Autori sconosciuti hanno distrutto dieci viti Chardonnay nei terreni del campus dell’Università di Verona a San Floriano in Valpolicella nella notte tra il 12 e il 13 febbraio. Tra di esse c’erano cinque viti NGT sperimentali e cinque piante di controllo che erano state piantate solo lo scorso autunno. Queste sono le prime viti NGT in un esperimento di campo in Europa.
Il campo di prova appartiene al progetto di ricerca Vitea del gruppo di lavoro di genetica agraria dell’Istituto di biotecnologia dell’Università di Verona, guidato da Mario Pezzotti e dallo spin-off universitario Edivite.
Un possibile motivo potrebbe essere la resistenza agli organismi geneticamente modificati (OGM), poiché il campo di prova era contrassegnato con un apposito cartello. Tuttavia, gli scienziati sottolineano che non si tratta di OGM, ma di piante che sono state mutate deliberatamente utilizzando tecniche di Evoluzione Assistita (TEA). Questo metodo imita le mutazioni naturali e le potenzia in modo mirato. L’obiettivo è sviluppare varietà di vite resistenti e ridurre così l’uso di pesticidi.
“Le viti TEA non sono piante OGM,” ha spiegato il professor Mario Pezzotti, coordinatore del gruppo di ricerca di genetica agraria. “Le mutazioni avvengono come in natura, solo in modo mirato.
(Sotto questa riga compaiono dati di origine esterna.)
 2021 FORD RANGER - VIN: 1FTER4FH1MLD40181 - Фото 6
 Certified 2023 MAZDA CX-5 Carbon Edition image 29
Oltre ai test di laboratorio, abbiamo bisogno anche di test sul campo.”
La distruzione delle viti ha suscitato una vasta condanna. Eugenio Tassinari, presidente dell’associazione sementiera italiana Assosementi, ha descritto l’incidente come “un attacco a decenni di lavoro di ricerca e all’intero settore agricolo e alimentare italiano.” Garlich von Essen, segretario generale dell’associazione sementiera europea Euroseeds, ha criticato l’attacco come “inaccettabile” e ha sottolineato che l’innovazione scientifica non deve essere bloccata dalla paura o dall’ideologia.